FlagGems features a large collection of PyTorch compatible operators. Operators will be implemented according to operator list.
The following chart shows the speedup of FlagGems compared with PyTorch ATen library in eager mode. The speedup is calculated by averaging the speedup on each shape, representing the overall performance of the operator.
TBD
FlagGems provides an automatic code generation mechanism that enables developers to easily generate both pointwise and fused operators. The auto-generation system supports a variety of requirements, including standard element-wise computations, non-tensor parameters, and specifying output types. Please refer to pointwise_dynamic document for more details.

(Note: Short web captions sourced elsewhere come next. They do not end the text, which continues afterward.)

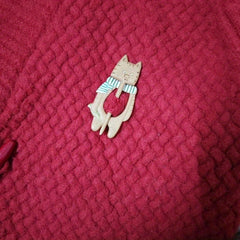 Wooden Cat Wearing Scarf Pin - Animal Pattern Pin For Girls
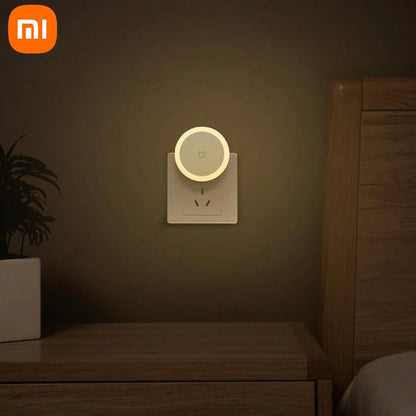 Xiaomi Mijia Luz de noche enchufable 0,4 W Interruptor táctil Se enciende automáticamente por la noche Luces LED Lámpara de noche Dormitorio Lámpara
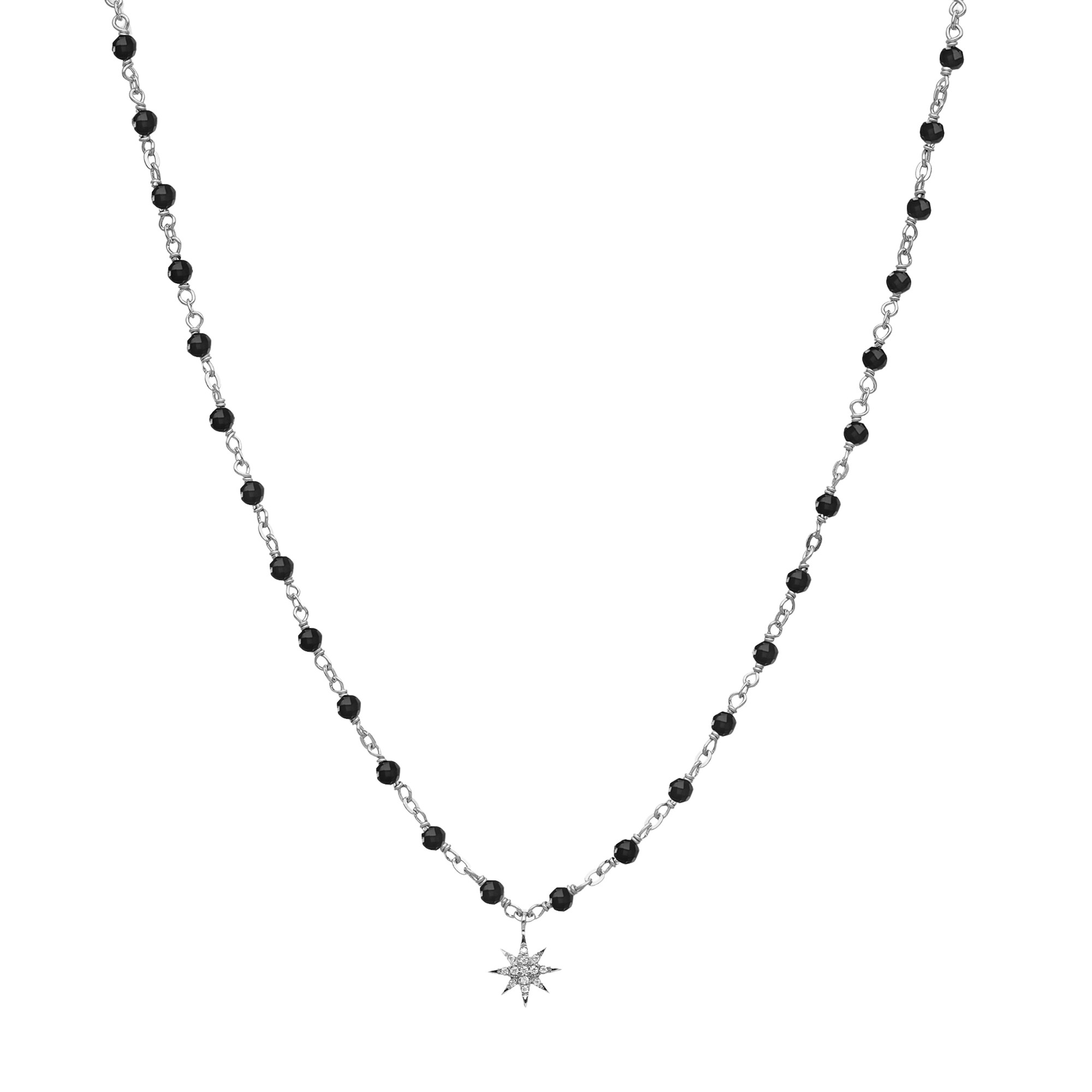 Collier argent rhodié étoile en zirconium blanc et pierres Spinelle noires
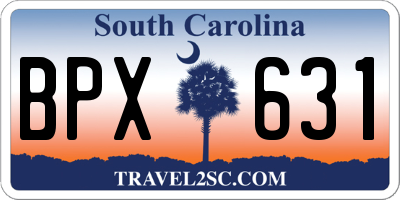 SC license plate BPX631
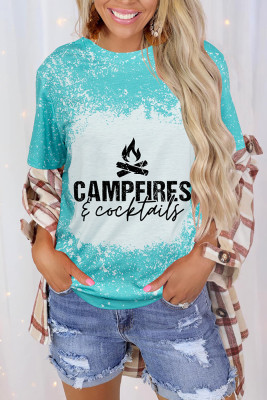Campfires And Cocktails Bleached Print Graphic Tee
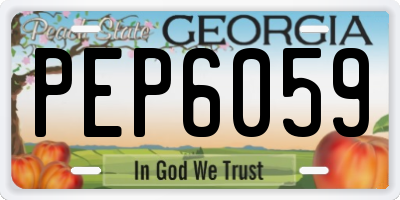 GA license plate PEP6059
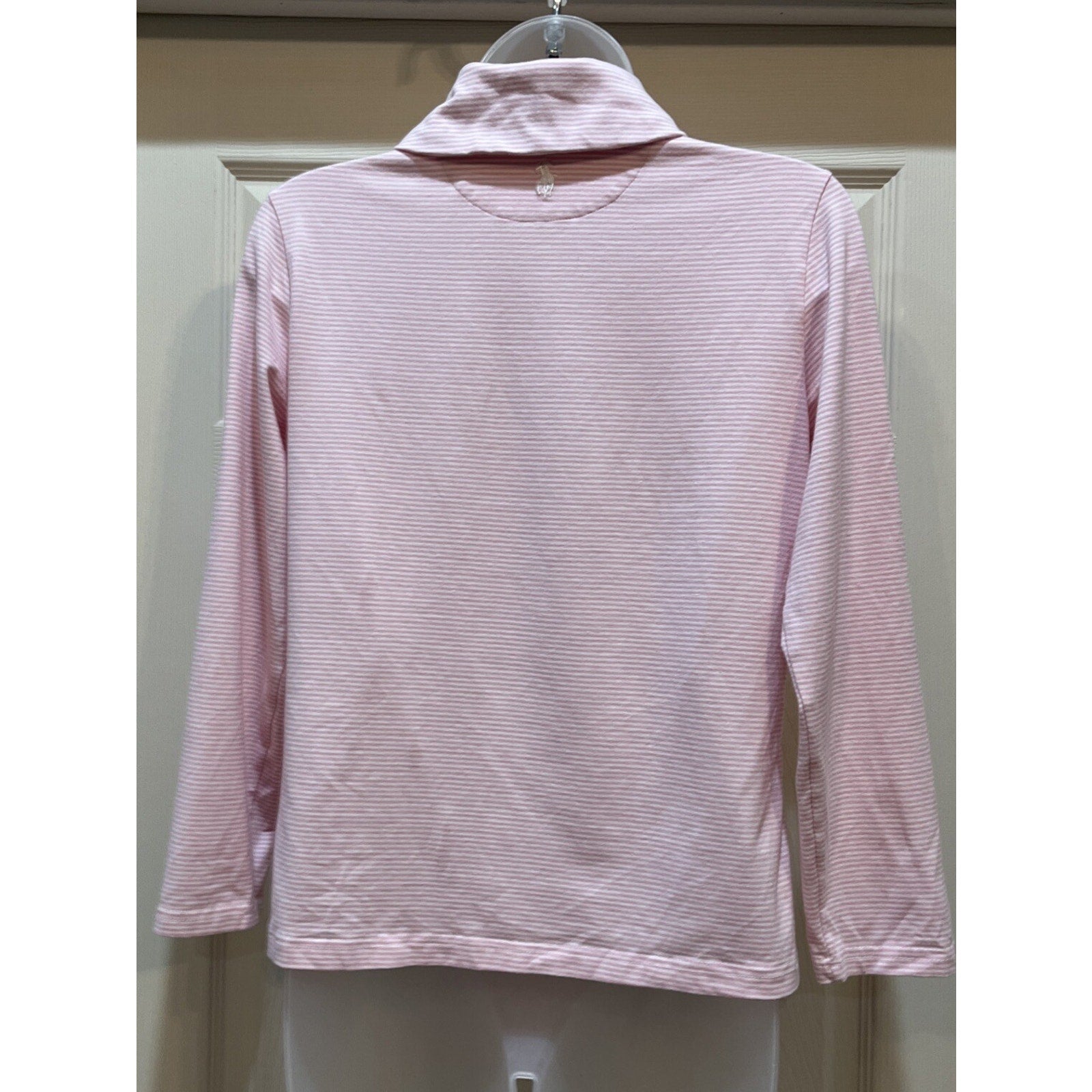 Women’s Polo Ralph Lauren Golf 1/4 Zip Pink Stripped Wicking Long Sleeve Medium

FlagGems introduces LibEntry, which independently manages the kernel cache and bypasses the runtime of Autotuner,
Heuristics, and JitFunction. To use this feature, simply decorate the Triton kernel with LibEntry.
LibEntry also supports direct wrapping of Autotuner, Heuristics, and JitFunction, preserving full tuning functionality.

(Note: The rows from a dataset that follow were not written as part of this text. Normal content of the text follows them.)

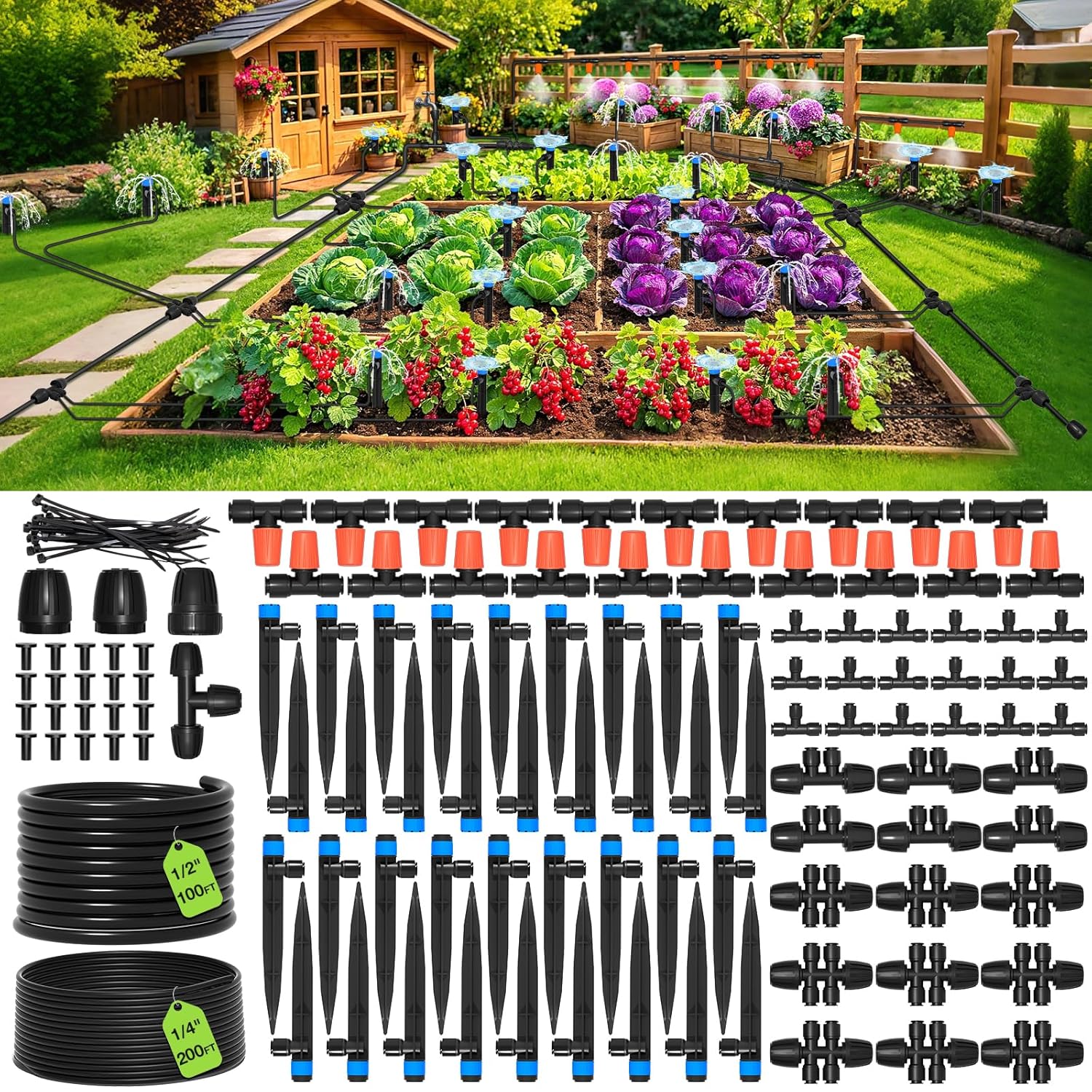 MIXC 300FT Drip Irrigation System Kit, Automatic Garden
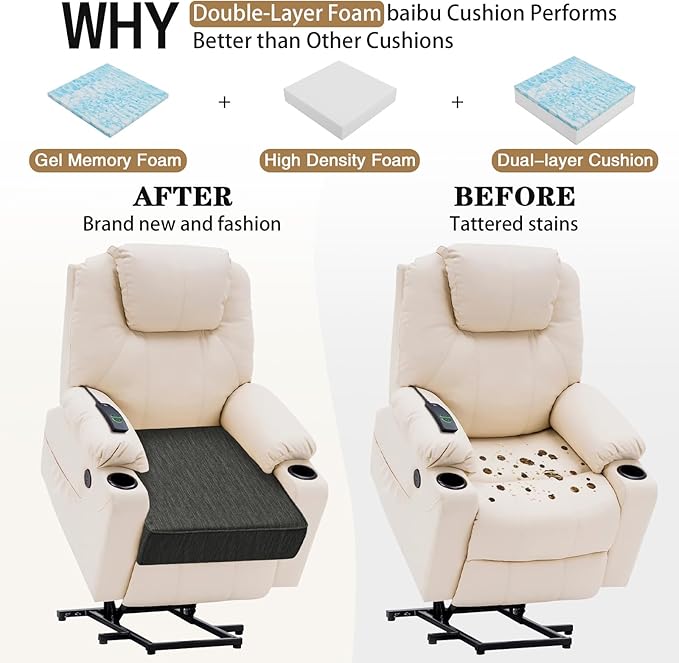 baibu Gel Memory Foam Recliner Cushions with Lumbar Support Pillow for Elderly, 20x20x5 Inch Thick Dual-Layer Patent Design Non-Slip Seat Cushion for Recliner Chair for Reduce Hip & Lumbar Pain, Black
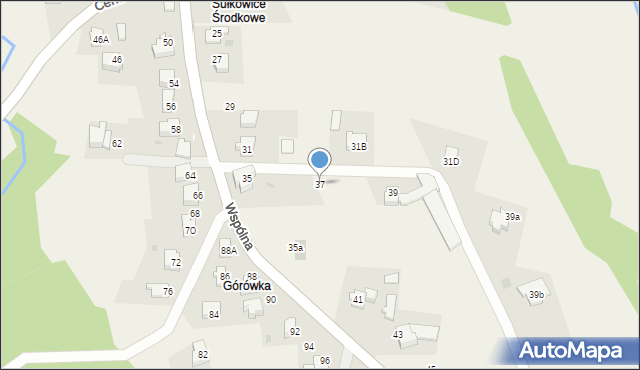 Sułkowice, Wspólna, 37, mapa Sułkowice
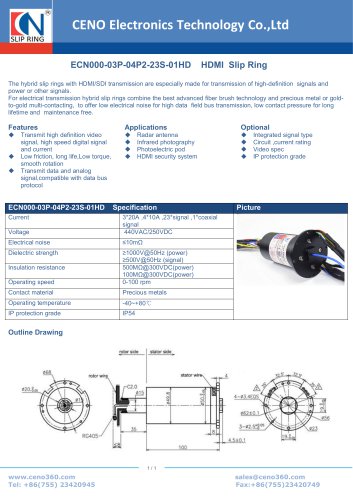 CENO HD Slip Ring ECN000-03P-04P2-23S-01HD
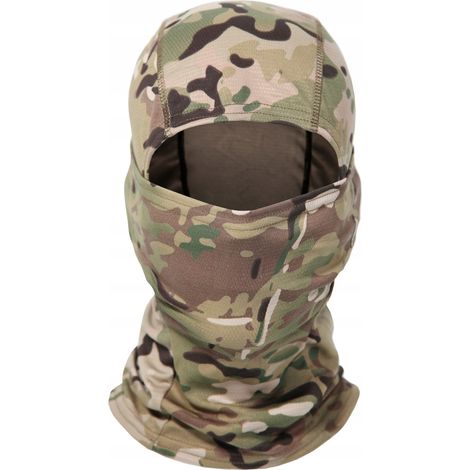 Militärische Sturmhaube, thermoaktiv, taktisch, ASG, 1 Loch, Tarnmuster, Khaki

However, it avoids nested runtime type invocations, eliminating redundant parameter processing.
This means no need for binding or type wrapping, resulting in a simplified cache key format and reduced unnecessary key computation.
FlagGems supports a wide range of hardware platforms and has been extensively tested across different hardware configurations.

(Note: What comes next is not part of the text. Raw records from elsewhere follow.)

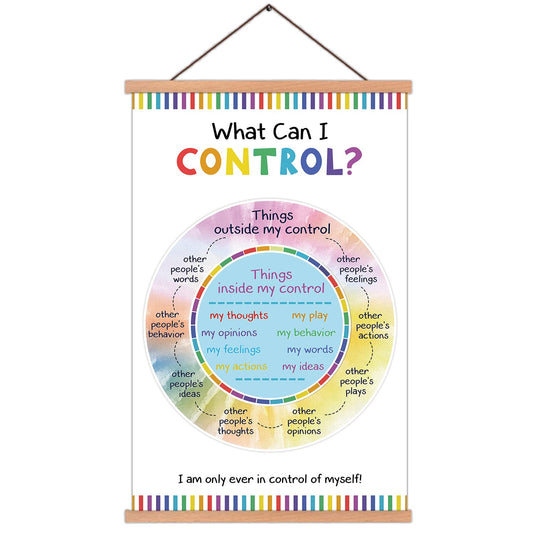 KAIRNE Colorful Inspirational Quote Poster with Wood Magnetic Hanger Frame, What I can Control Motivational Canvas Wall Art, 13.8X22 Inch for Kids Classroom, Playroom Decoration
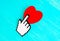 Pointer Cursor Placed on a Red Heart Shape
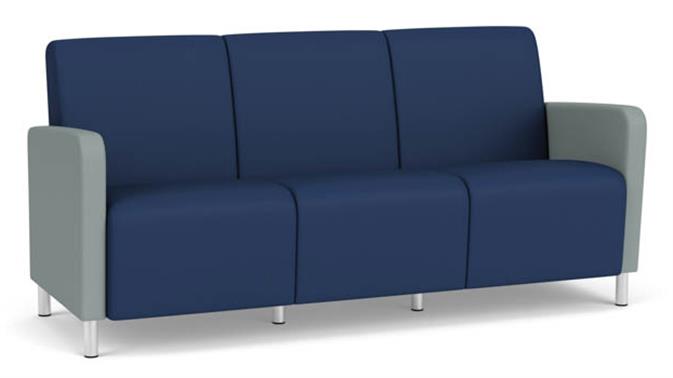 Ocean Dillon Polyurethane / Lucid Dillon Polyurethane / Steel Legs, Brushed Steel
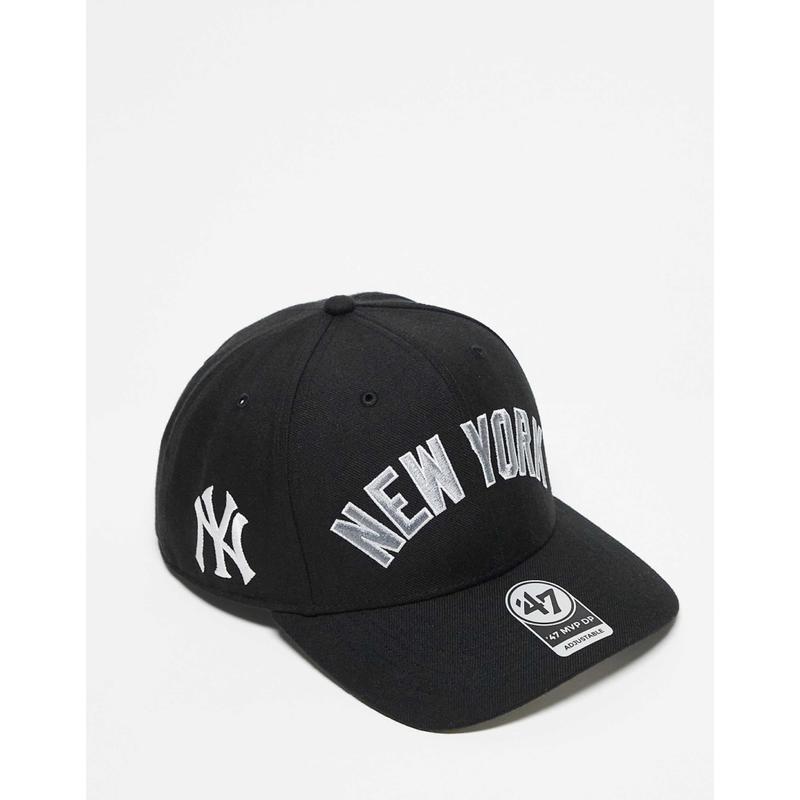 47 Brand 男士 棒球帽 New York script 帽子(黑色)
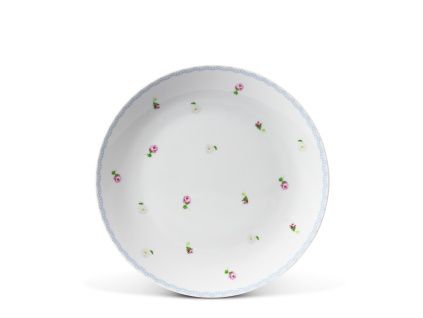 Talíř dezertní, 21 cm, RoseLine, kvítky, Leander, český porcelán
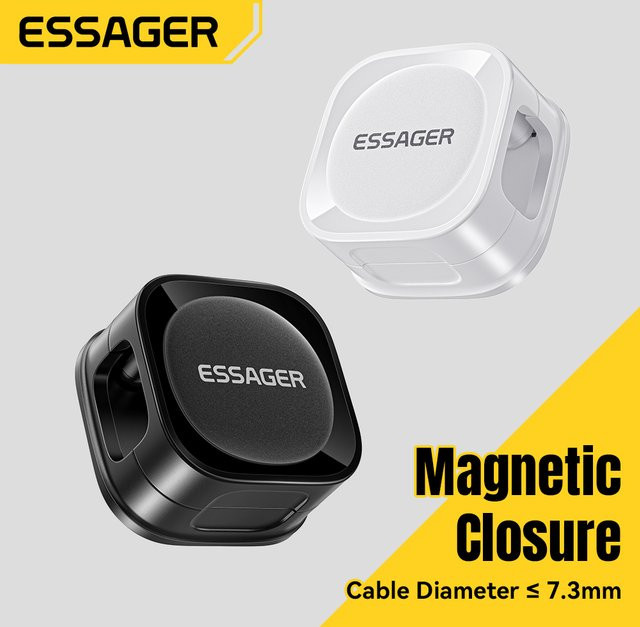 Essager Magnetischer Kabelhalter in Schwarz für Kabelmanagement und Untertischmontage - Bild 1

The currently supported platforms are:
| Vendor | State | float16 | float32 | bfloat16 |
|---|---|---|---|---|
| AIPU | ✅ (Partial ) | ✅ | ✅ | ✅ |
| ARM(CPU) | 🚧 | |||
| Ascend | ✅ (Partial ) | ✅ | ✅ | ✅ |
| Cambricon | ✅ | ✅ | ✅ | ✅ |
| Hygon | ✅ | ✅ | ✅ | ✅ |
| Iluvatar | ✅ | ✅ | ✅ | ✅ |
| Kunlunxin | ✅ | ✅ | ✅ | ✅ |
| MetaX | ✅ | ✅ | ✅ | ✅ |
| Mthreads | ✅ | ✅ | ✅ | ✅ |
| NVIDIA | ✅ | ✅ | ✅ | ✅ |
| TsingMicro | 🚧 |
FlagGems supports 10+ backends.
The C++ Triton function dispatcher is an ongoing work.
FlagGems can be installed either as a pure Python package or as a package with C++ extensions. The C++ runtime is designed to address the overhead of the Python runtime and improve end-to-end performance.